### [Exercise directions]
Within the entries below, please retype exactly the lines starting with the line that has "SAD 😭 Actress" and going on through the line that has "Apartamento de 4", but not the pictures.

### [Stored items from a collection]
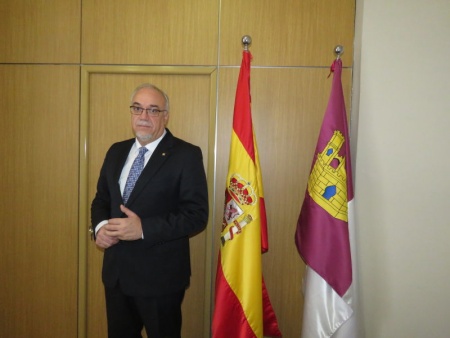 Julian Nieva, Alcalde de Manzanares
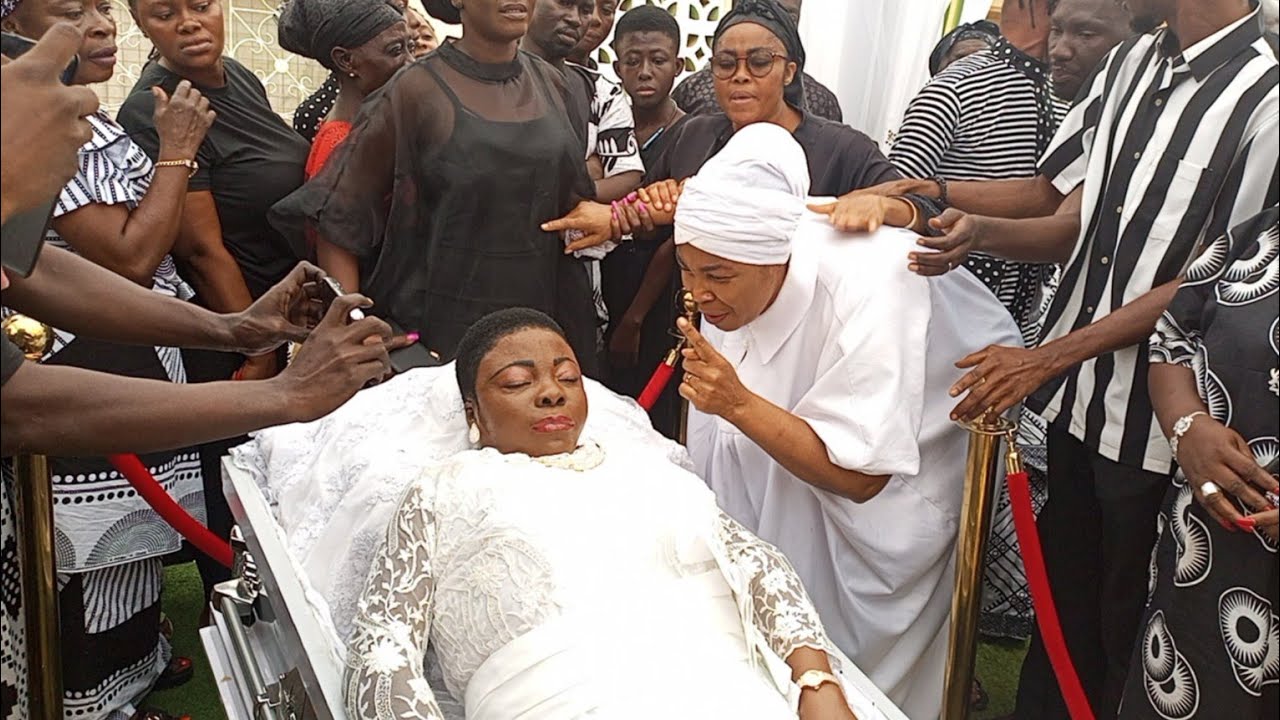 SAD 😭 Actress Nana Yaa speaks to her d£@d daughter for the last time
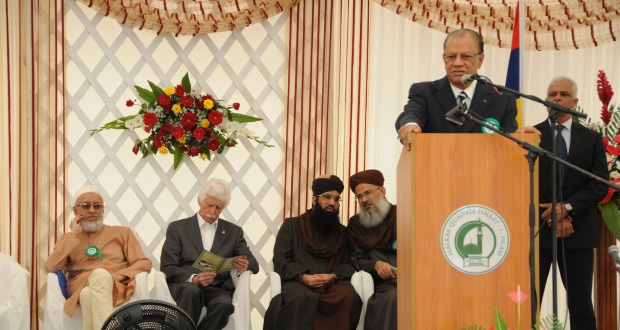  Yaum-Un-Nabi: Navin Ramgoolam cible Ariel Sharon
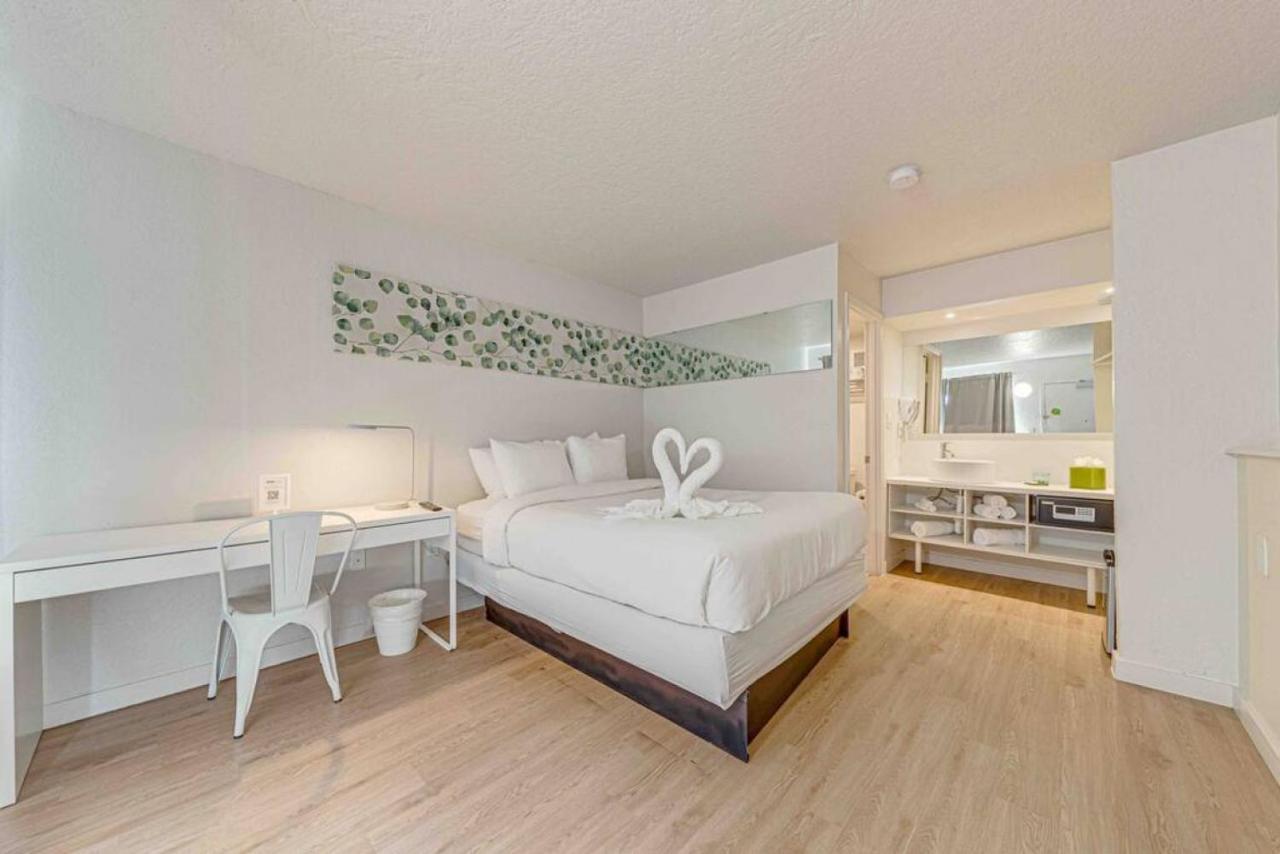 Travel Lodge By Wyndham 10 Min From Disney Kissimmee Ngoại thất bức ảnh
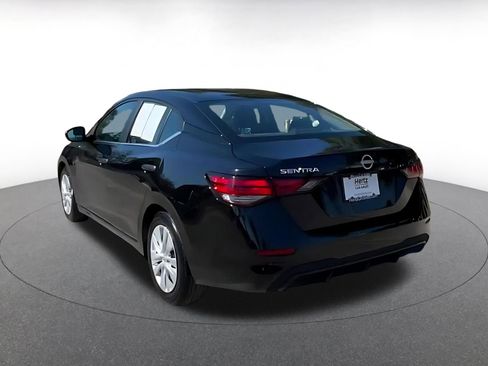 Used 2025 Nissan Sentra S image 11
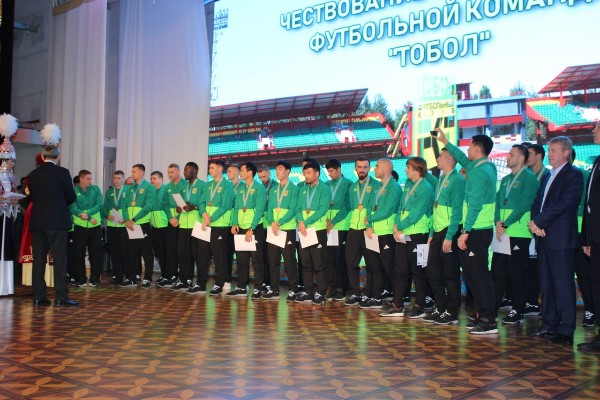 В Костанае состоялось награждение ФК «Тобол» бронзовыми медалями чемпионата страны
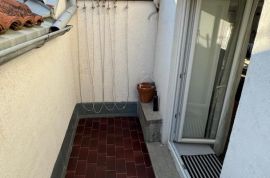 ISTRA, PULA - CENTAR, DVOSOBNI STAN, VISOKO POTKROVLJE, Pula, Apartamento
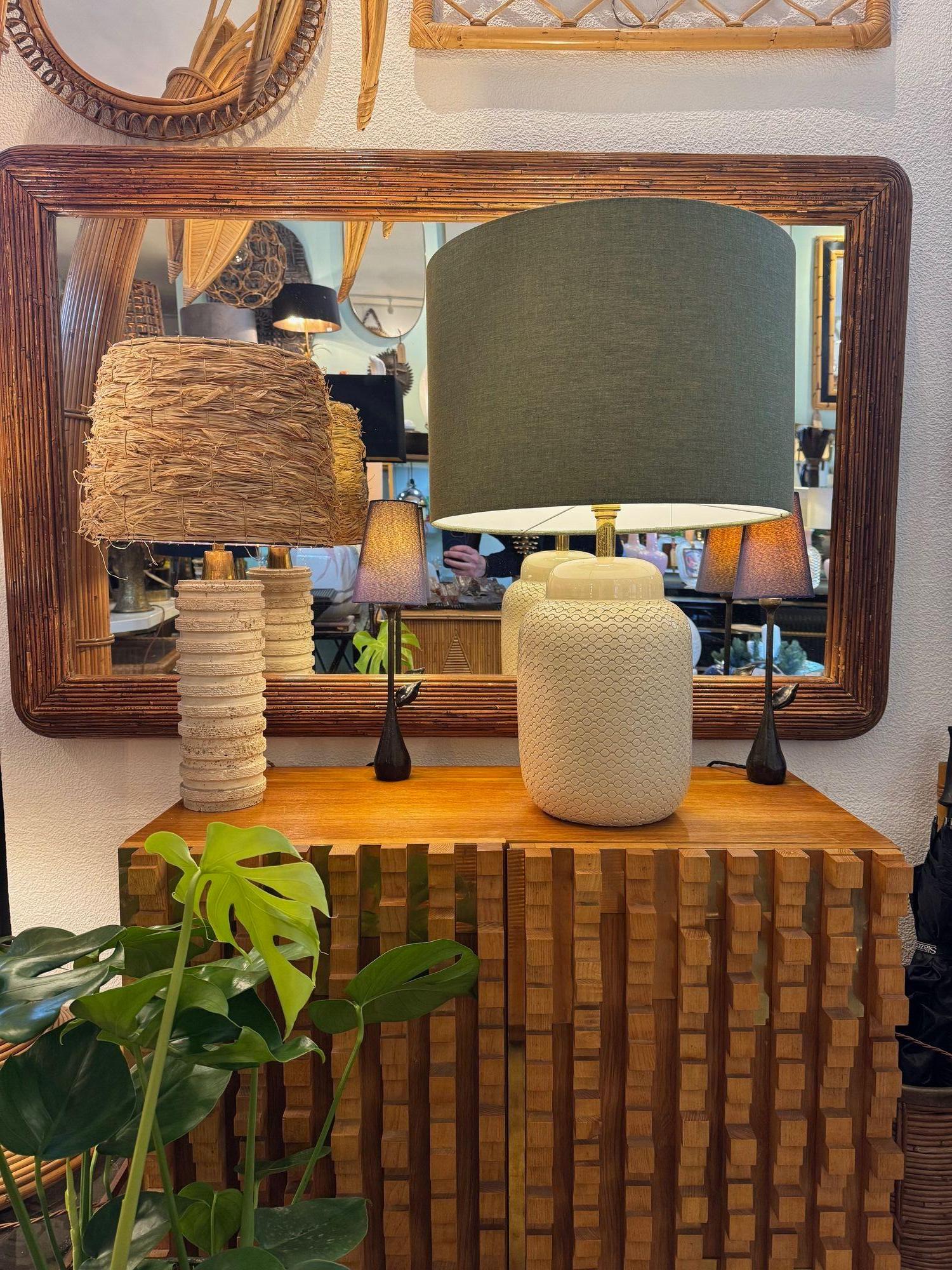 Une grande lampe italienne en céramique crème des années 1970 par Tommaso Barbi en vente 11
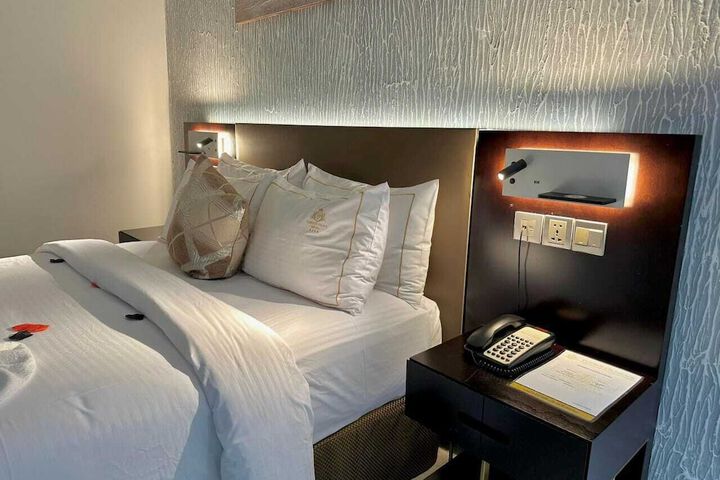 Room 27 of 63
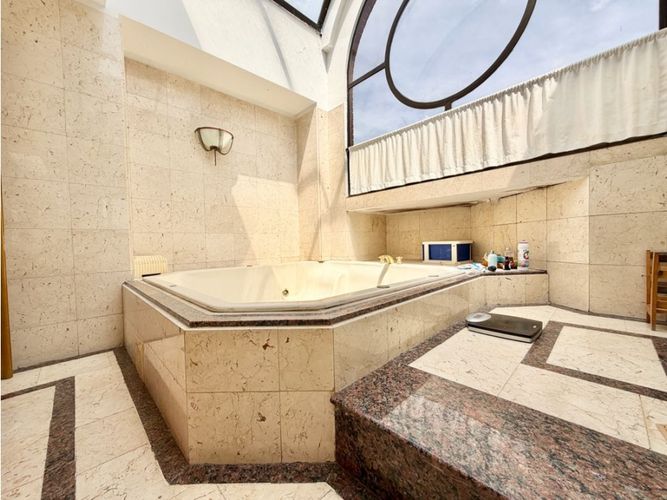 Apartamento de 4 alcobas en venta en Club De Los Lagartos, Bogotá, 781 m² · foto 13 de 24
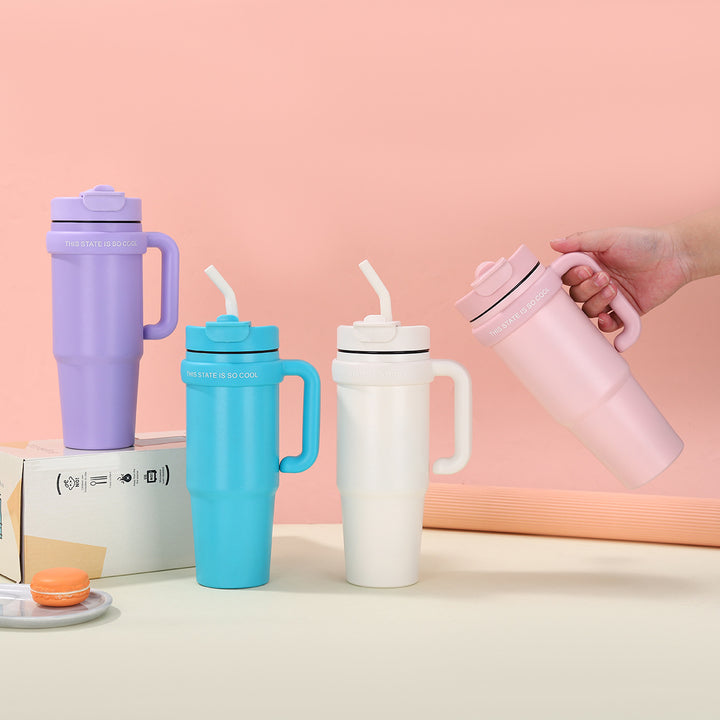 Unisex drinking cup with integrated straw Bowlift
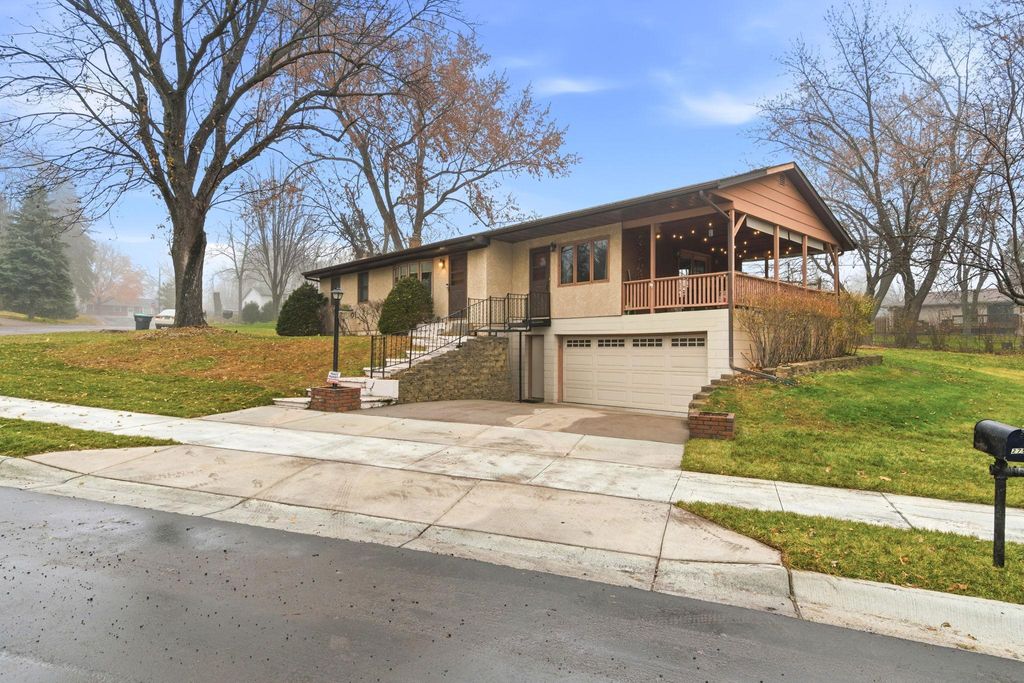 Photo of 2790 Gerald Avenue, North Saint Paul, MN 55109 (MLS # 6820643)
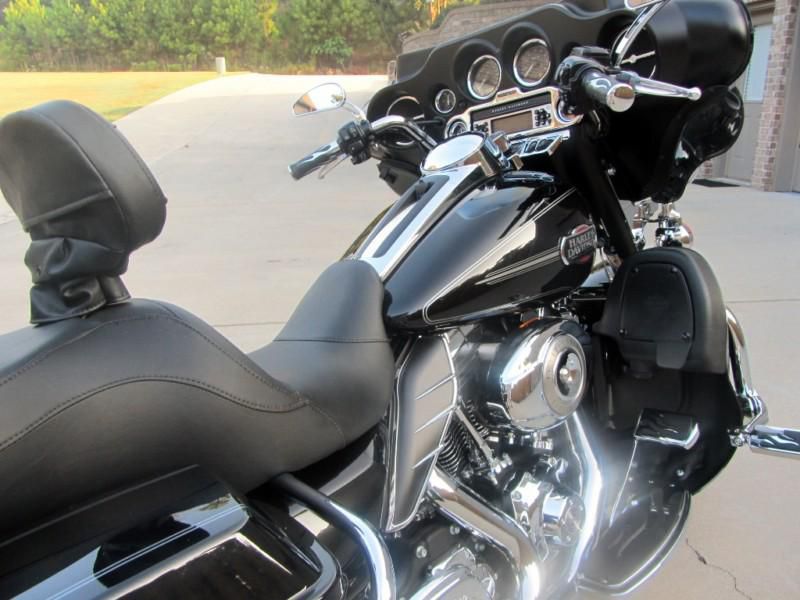 Like New. Low miles. Transferrable extended service plan written thru Harley., US $11,500.00, image 14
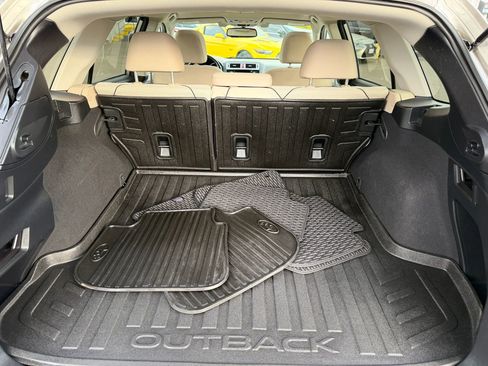 Used 2015 Subaru Outback 2.5i Premium AWD/4WD image 25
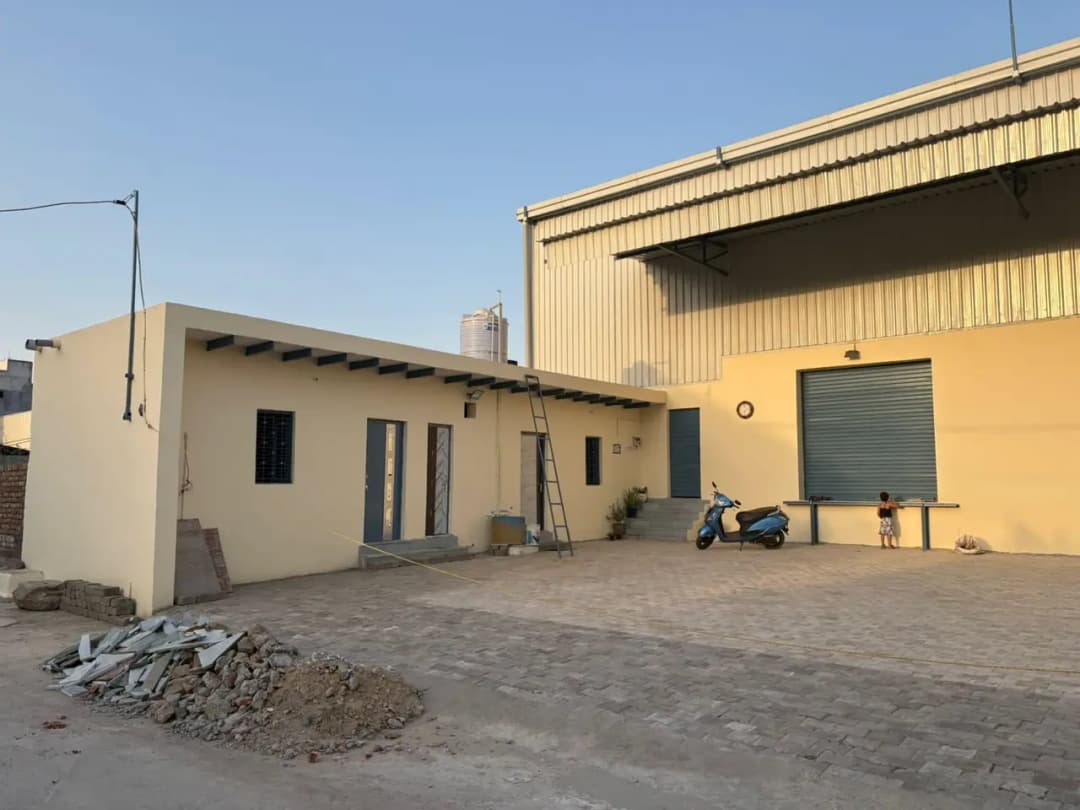 18,000 sqft warehouse in Delhi, Delhi — photo 1 of 7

### [Response to this task]
 SAD 😭 Actress Nana Yaa speaks to her d£@d daughter for the last time
  Yaum-Un-Nabi: Navin Ramgoolam cible Ariel Sharon
 Travel Lodge By Wyndham 10 Min From Disney Kissimmee Ngoại thất bức ảnh
 Used 2025 Nissan Sentra S image 11
 В Костанае состоялось награждение ФК «Тобол» бронзовыми медалями чемпионата страны
 ISTRA, PULA - CENTAR, DVOSOBNI STAN, VISOKO POTKROVLJE, Pula, Apartamento
 Une grande lampe italienne en céramique crème des années 1970 par Tommaso Barbi en vente 11
 Room 27 of 63
 Apartamento de 4 alcobas en venta en Club De Los Lagartos, Bogotá, 781 m² · foto 13 de 24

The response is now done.